\begin{cases} x+y+\dfrac{x^2}{y^2}=7\\ \dfrac{(x-y)x^2}{y^2}=12 \end{cases} I don't have any idea to solve this. I tried to subtract, add and multiply the given equations, but nothing help me to find $x$ or $y$.
Can someone help me to solve this system? Thanks for attention.
The second equation tells you that $$\frac{x^2}{y^2}=\frac{12}{x-y}$$
(The possibility $x-y=0$ is ruled out, because this would violate the second equation.)
If we substitute this in the first equation, we get $$x+y+\frac{12}{x-y}=7$$
which implies
$$(x+y)(x-y)+12=7(x-y)$$
$$12=7(x-y)-(x-y)(x+y)$$
$$12=(x-y)[7-(x+y)]$$
I was trying to find integer solutions. $12 = 6.2 \textrm{ or } 2.6 \textrm{ or } 12.1 \textrm{ or } 1.12 \textrm{ or } 4.3 \textrm{ or } 3.4$ (6 different cases).
The first case results in $x=5.5$ and $y=-0.5$. (This is very easy)
The second case results in $x=1.5$ and $y=-0.5$.

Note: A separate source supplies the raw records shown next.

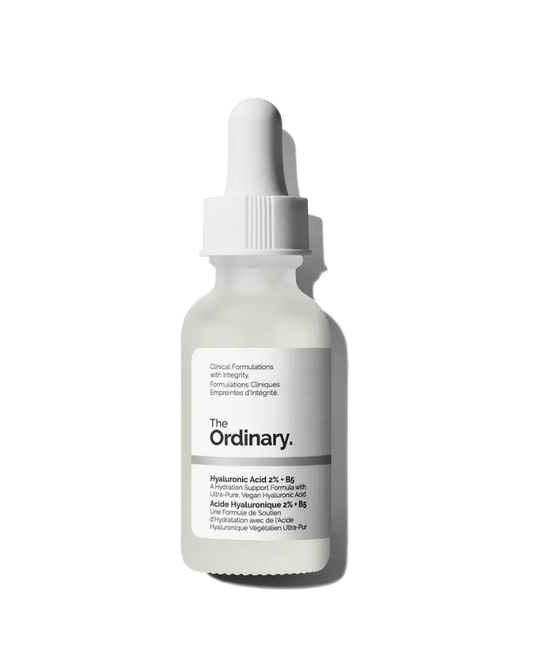 The Ordinary Hyaluronic Acid 2% + B5 Cosmia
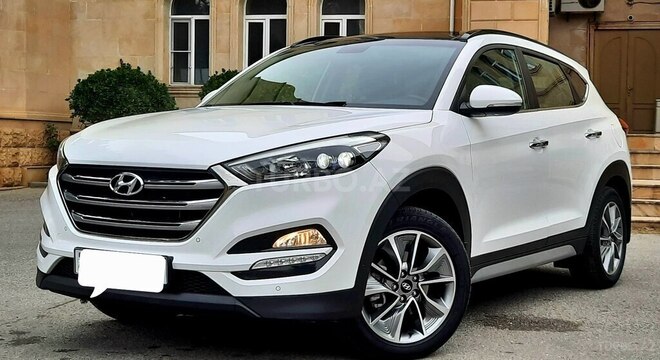 Hyundai Tucson 2018, 85,000 km - 2.0 л - Bakı
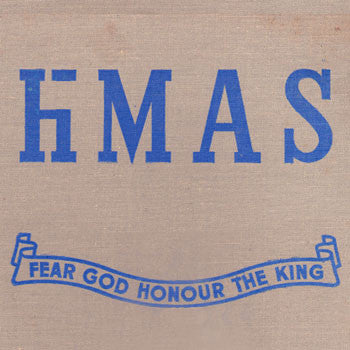 hMAS - Fear God Honour The King LP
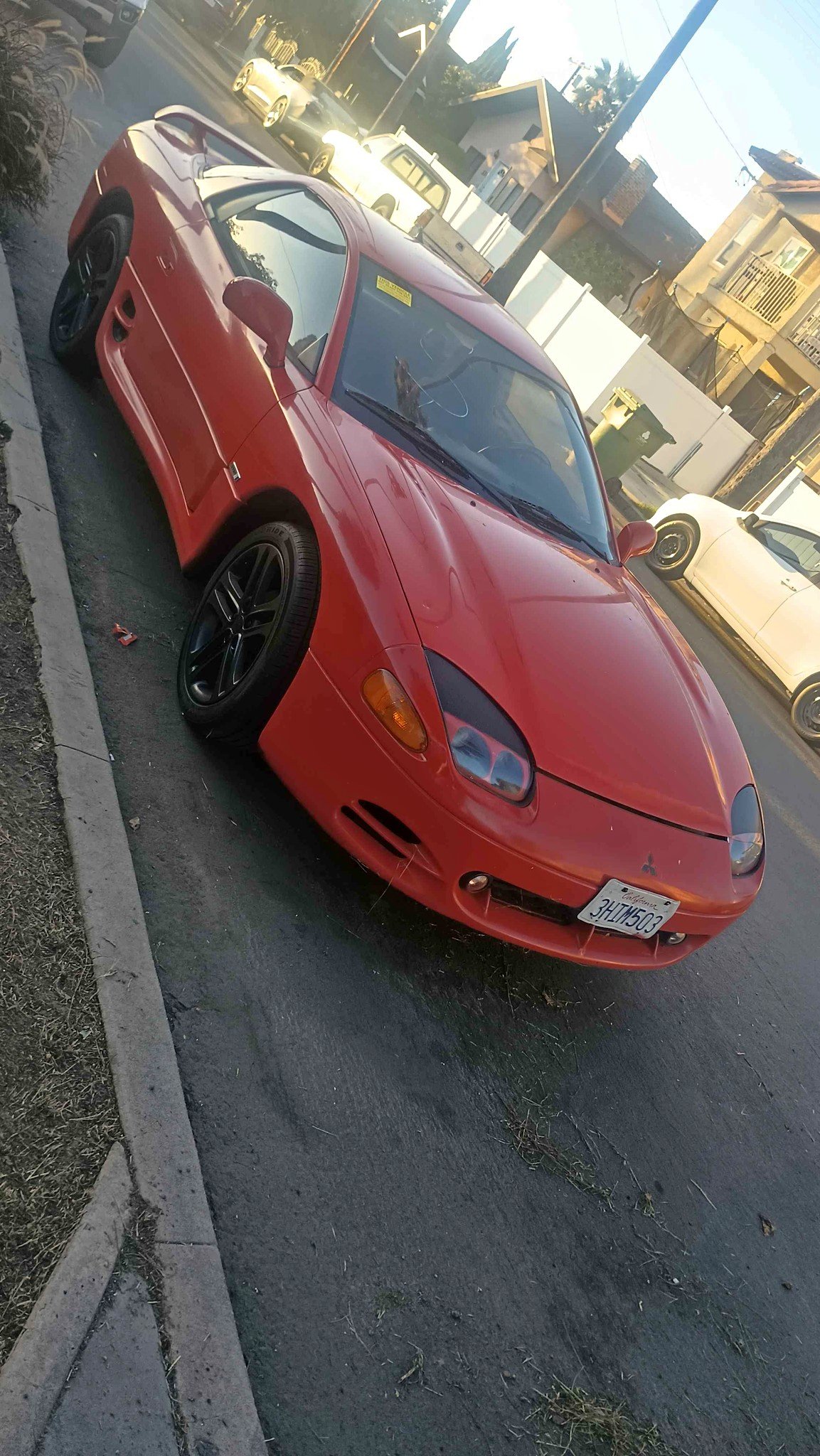 1993 Mitsubishi 3000GT - SL Coupe 2D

The third case results in $x=9$ and $y=-3$.
The fourth case results in $x=-2$ and $y=-3$.
The fifth case results in $x=4$ and $y=0$ (but $y \neq 0)$.
The sixth case results in $x=3$ and $y=0$ (but $y \neq 0)$.
We can do the same with the negative integer factors of 12. That would give us extra solutions.